[Source material — start]
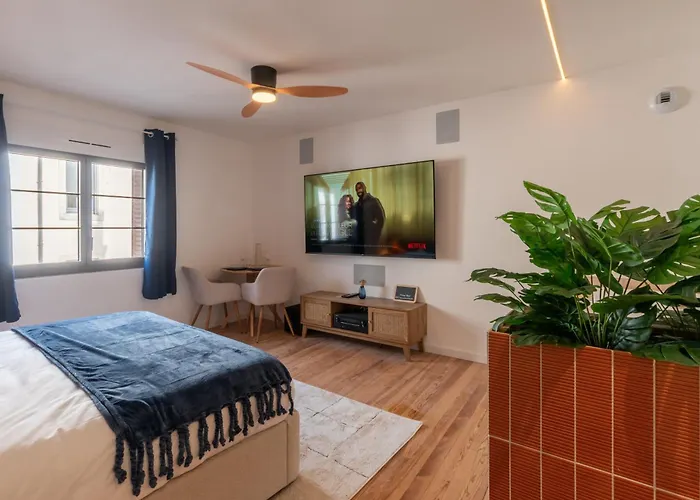 Pyrenees Signature - &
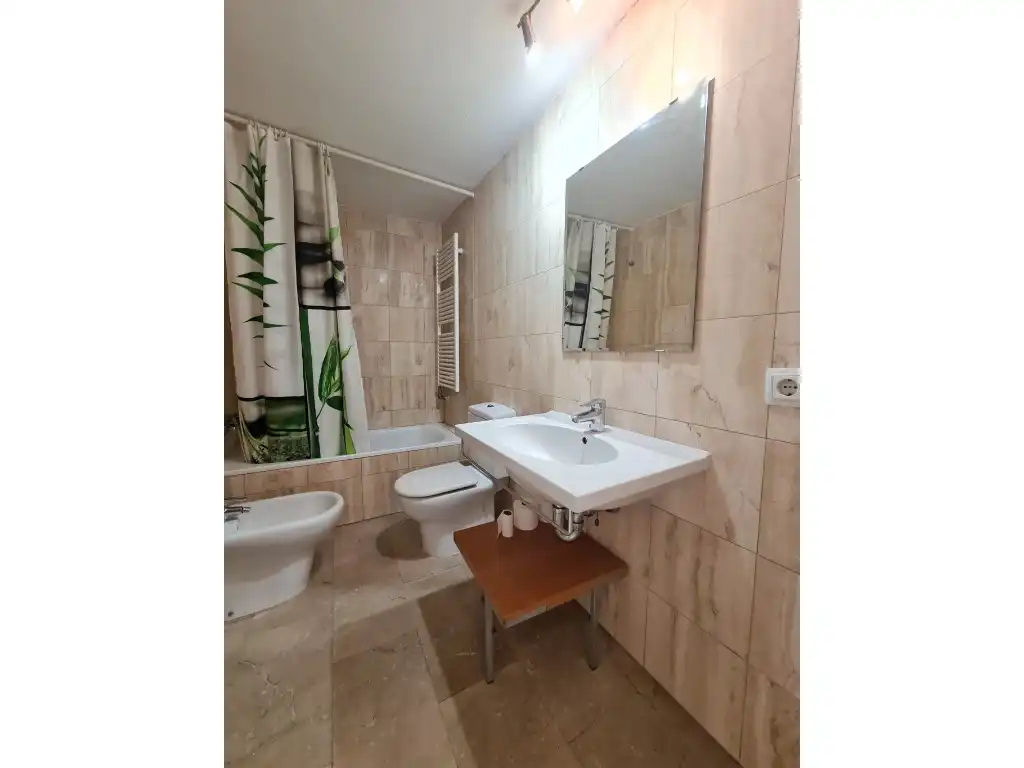 Badezimmer von Wohnung zur Miete in Girona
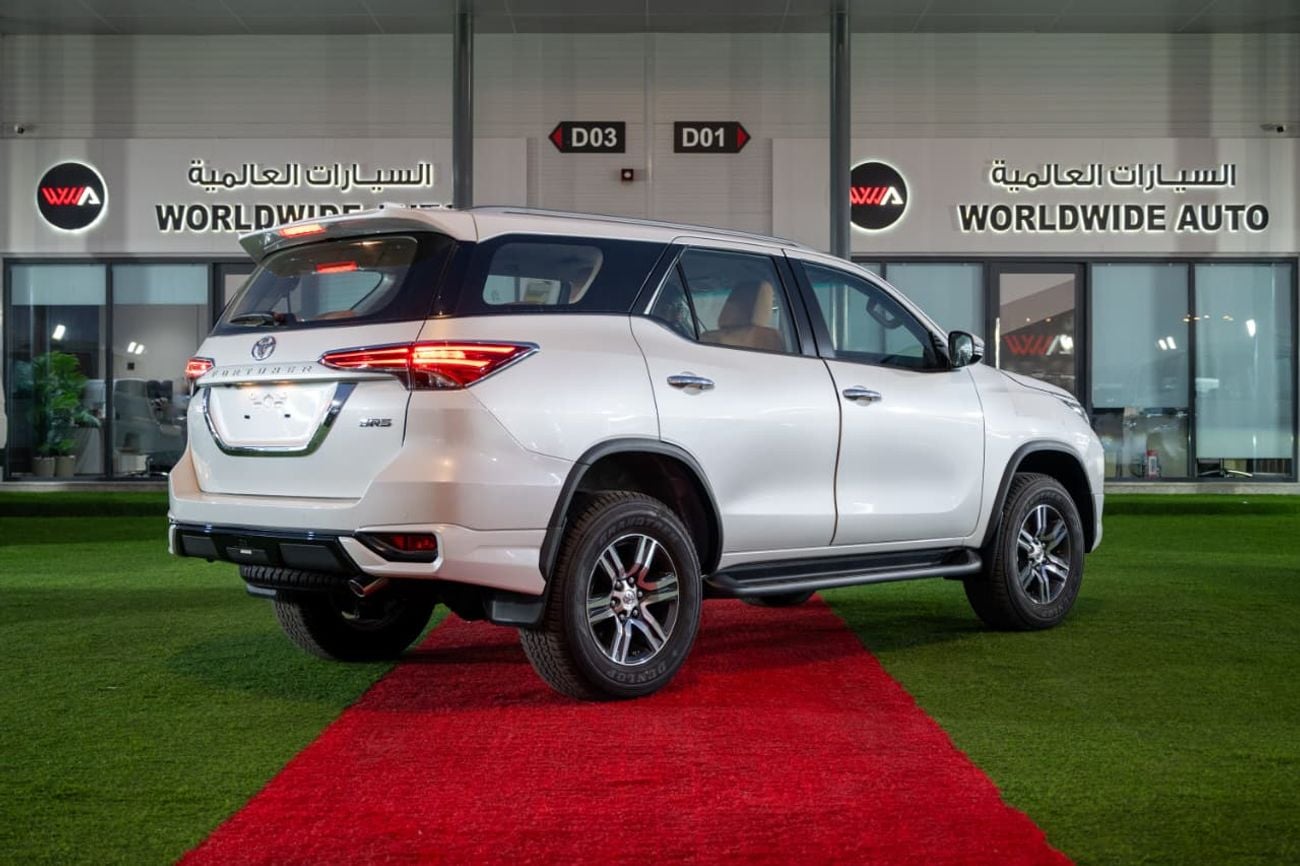 تويوتا فورتونر GX2 - 2.7 بنزين 4x4 SR5 - مكيف أوتوماتيكي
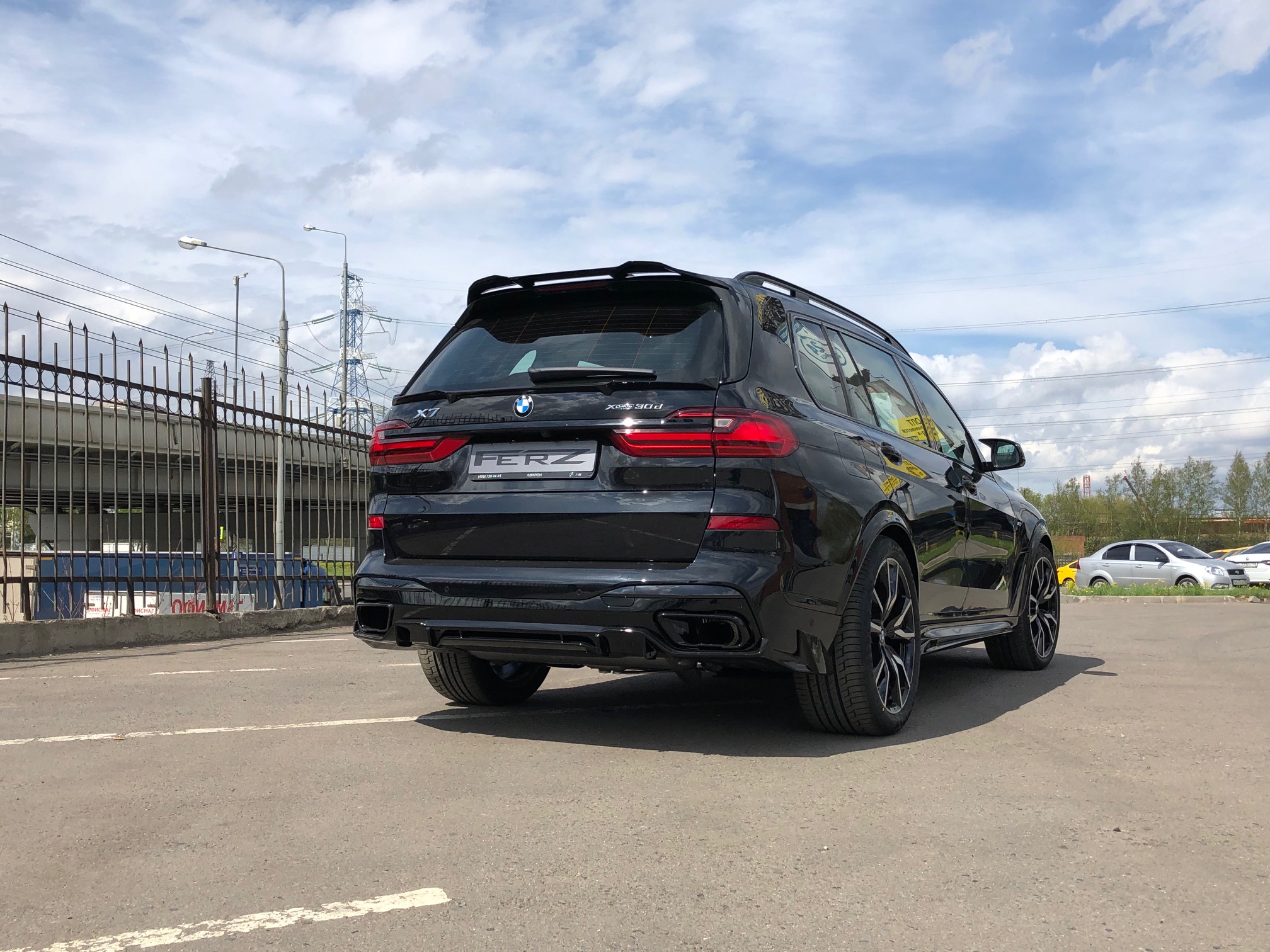 обвес для BMW X7 FERZ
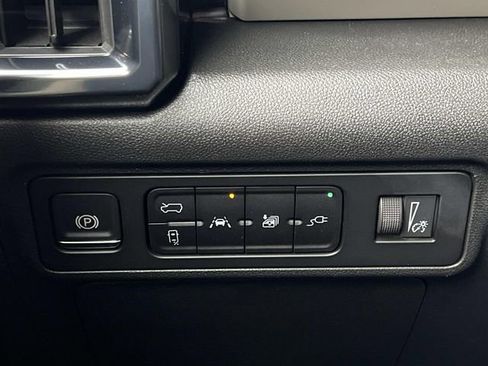Used 2026 GMC Hummer EV SUV AWD/4WD image 29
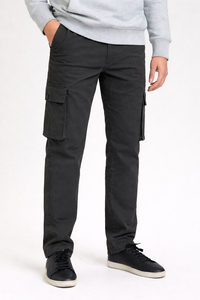 Pantalones Cargo Charcoal Shadow Utility Comfort para Hombre – Un prenda esencial elegante para el día a día, confeccionada con tela resistente y rica en algodón - Product Image 1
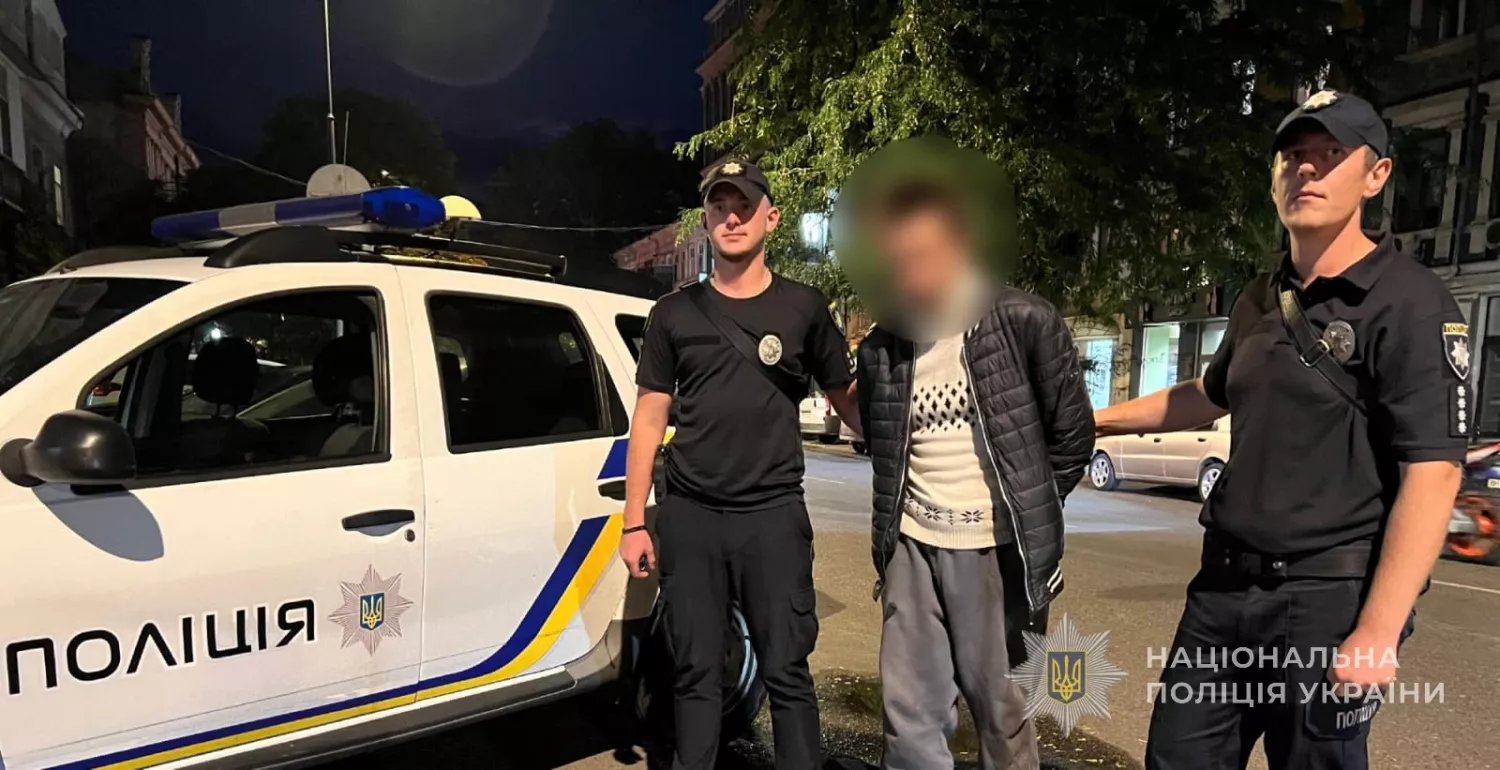 В Одесі 36-річний чоловік нападав на перехожих жінок. Фото нацполіція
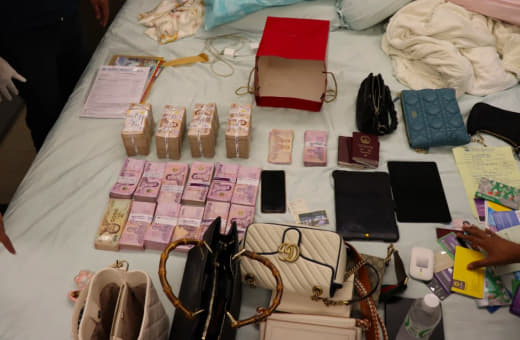 泰国警察再对灰产人员出手，一对中国夫妻被抓，钱多得用麻袋装！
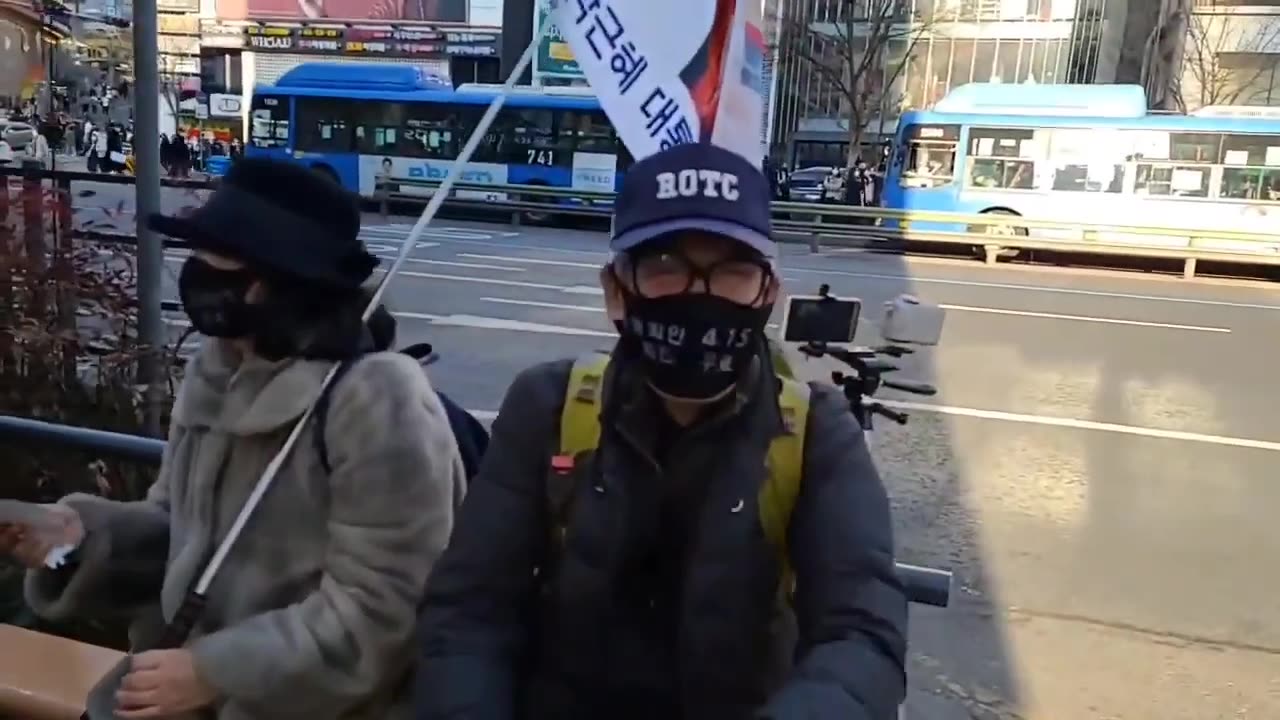 20210302_V3_S03(C437Dl7Lu-4)애국 유튜브 화이팅! 재검표 언제 해_ 강남역에서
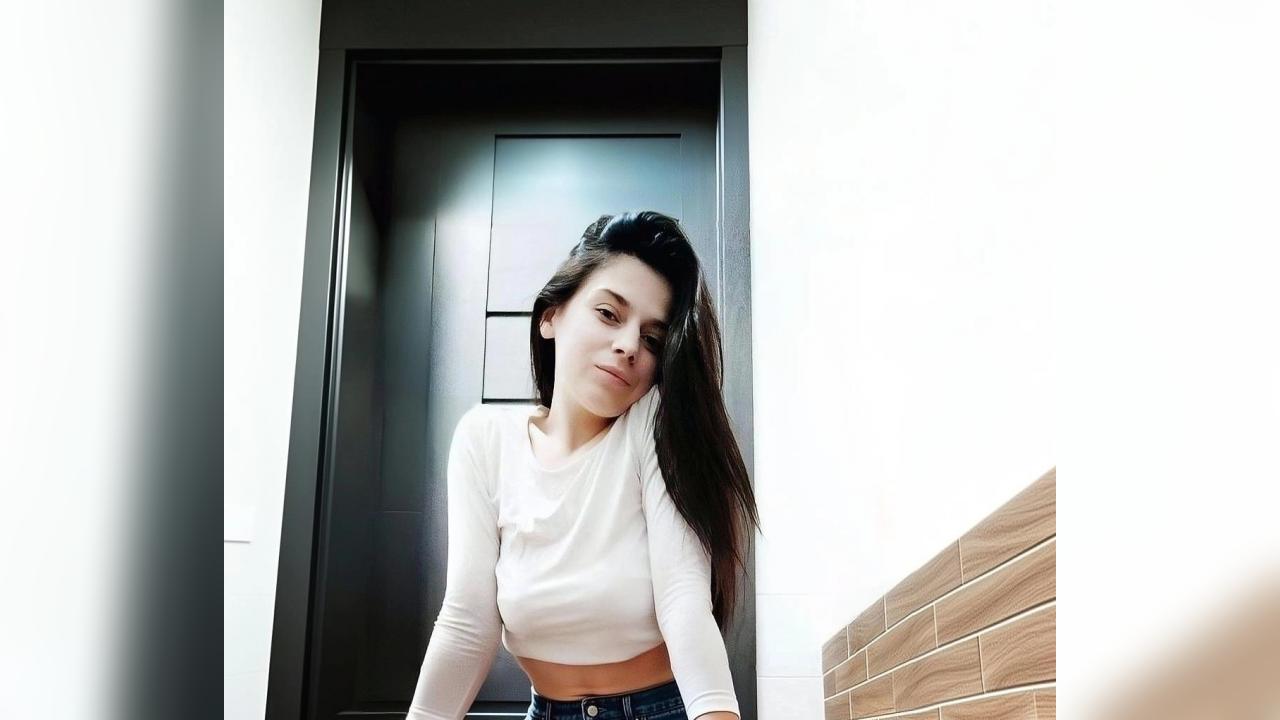 Webcam chat profile for Miralyn: Ask about my Hobbies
[Source material — finish]
**Work to be completed:** Every record above should reappear exactly, with the pictures gone.

**Completed task:**
 Pyrenees Signature - &
 Badezimmer von Wohnung zur Miete in Girona
 تويوتا فورتونر GX2 - 2.7 بنزين 4x4 SR5 - مكيف أوتوماتيكي
 обвес для BMW X7 FERZ
Used 2026 GMC Hummer EV SUV AWD/4WD image 29
 Pantalones Cargo Charcoal Shadow Utility Comfort para Hombre – Un prenda esencial elegante para el día a día, confeccionada con tela resistente y rica en algodón - Product Image 1
 В Одесі 36-річний чоловік нападав на перехожих жінок. Фото нацполіція
 泰国警察再对灰产人员出手，一对中国夫妻被抓，钱多得用麻袋装！
 20210302_V3_S03(C437Dl7Lu-4)애국 유튜브 화이팅! 재검표 언제 해_ 강남역에서
 Webcam chat profile for Miralyn: Ask about my Hobbies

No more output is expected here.